Figura 1 – Instalação no sul do Pará em conformidade com a NR 10.
É certo que este item na NR 10 não foi uma invenção do grupo GT-10, mas sim um aproveitamento de uma exigência constante dos manuais de concessionárias quanto à existência desses dispositivos nos postos de entrada , blindados, em média tensão.
Este dispositivo de manobra, nada mais é do que a automatização do processo de desenergização, preconizado e detalhado passo a passo no item 10.5.1. da norma, reservada naturalmente à necessidade de constatação da ausência de tensão.
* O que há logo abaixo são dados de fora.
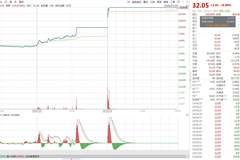 长城军工逆势2连板！弹药龙头早盘秒封涨停，军工避险新主线或崛起激活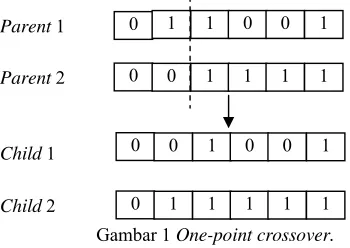 Gambar 1 One-point crossover. 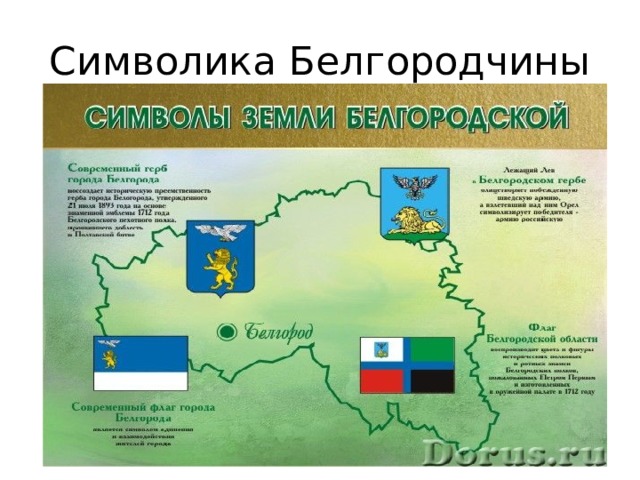 Символика Белгородчины 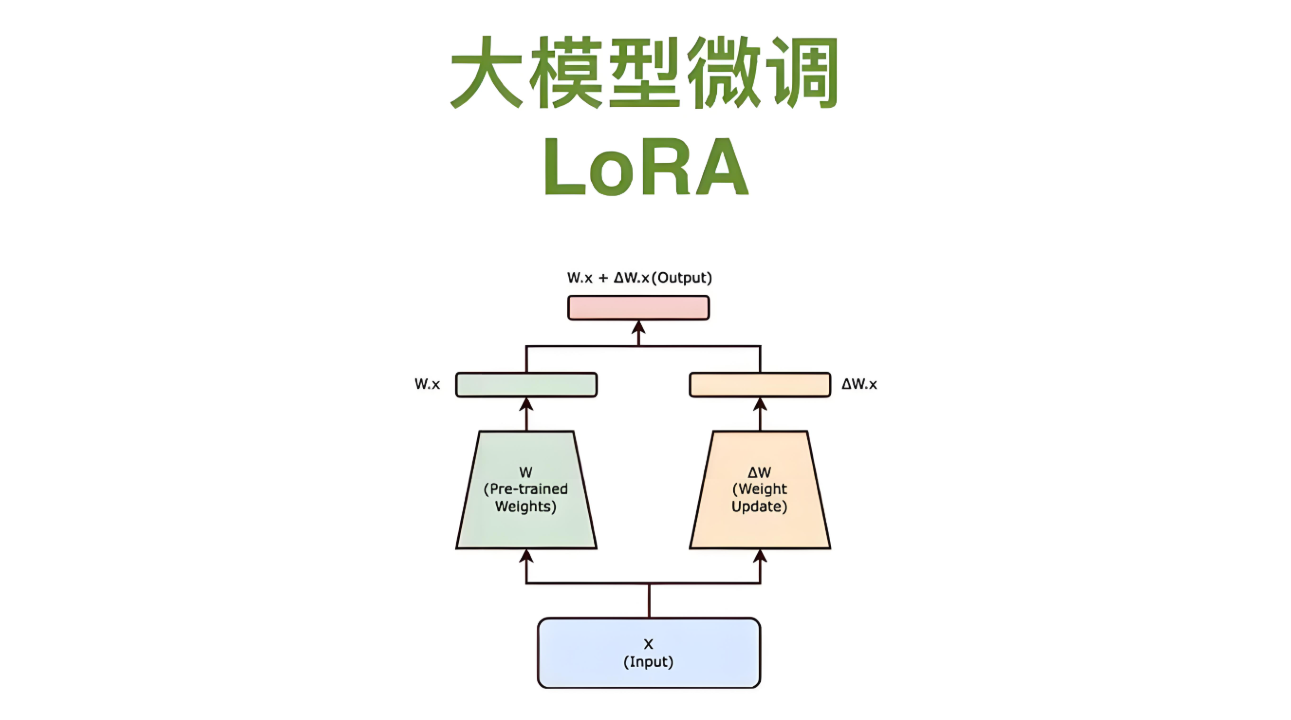 使用Lora微调DeepSeek大模型的技巧是什么？掌握技巧提升模型在特定任务上表现同时降低成本！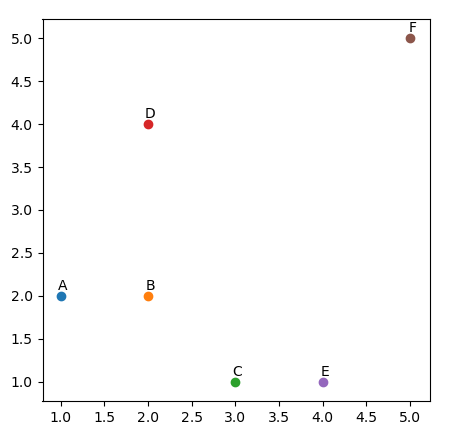 python matplot scatter with labels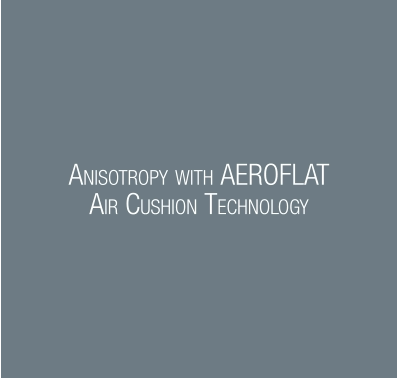 ANISOTROPY WITH AEROFLAT AIR CUSHION TECHNOLOGY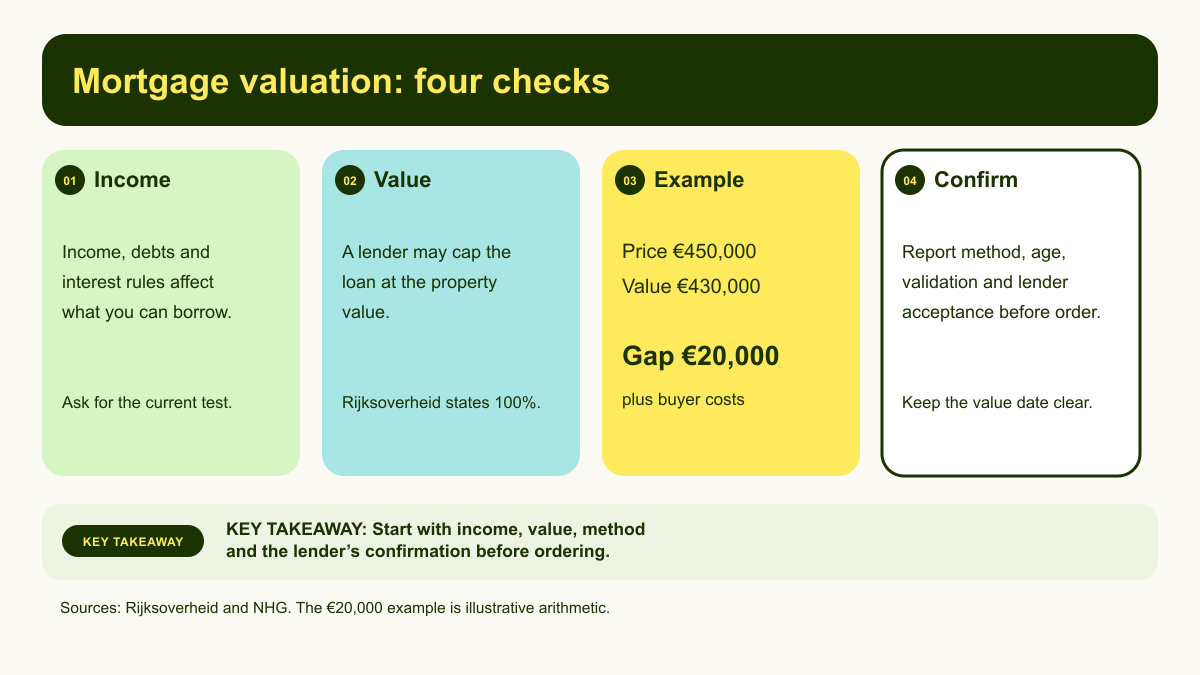 Four mortgage valuation checks covering income, property value, an illustrative 20,000 euro gap and lender confirmation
Esse processo de desenergização é resumido em cinco itens de segurança que sintetizamos a seguir:
Alguns fabricantes, atentos a essa nova “exigência” ou recomendação, já que o texto transformou a exigência legal em aconselhamento, desenvolveram recursos em equipamentos existentes em suas linhas de produção, os quais, devidamente adaptados, passaram a oferecer essas funções, citadas na norma, para circuitos de baixa tensão.
É certo que as dimensões desses dispositivos aumentam, ocupando mais espaço nos quadros elétricos, o que não convida à sua utilização e foi com certa tristeza que pudemos observar na última edição do CINASE, em Fortaleza, que um dos expositores, que saiu na frente e desenvolveu esse produto para circuitos de baixa tensão, talvez por um descuido, não o apresentou na exposição.
Uma vantagem desse dispositivo é o estabelecimento de um sistema (alternativo), em que só se consegue reenergizar por meio do mesmo dispositivo, com a movimentação das suas facas ou contatos solidários, da posição de desligado/aterrado para a posição de ligado.
A próxima etapa do CINASE será em Belém (PA). Vamos torcer para que, entre os produtos apresentados pelos patrocinadores, estejam enfatizados também aqueles destinados à segurança dos trabalhadores com eletricidade.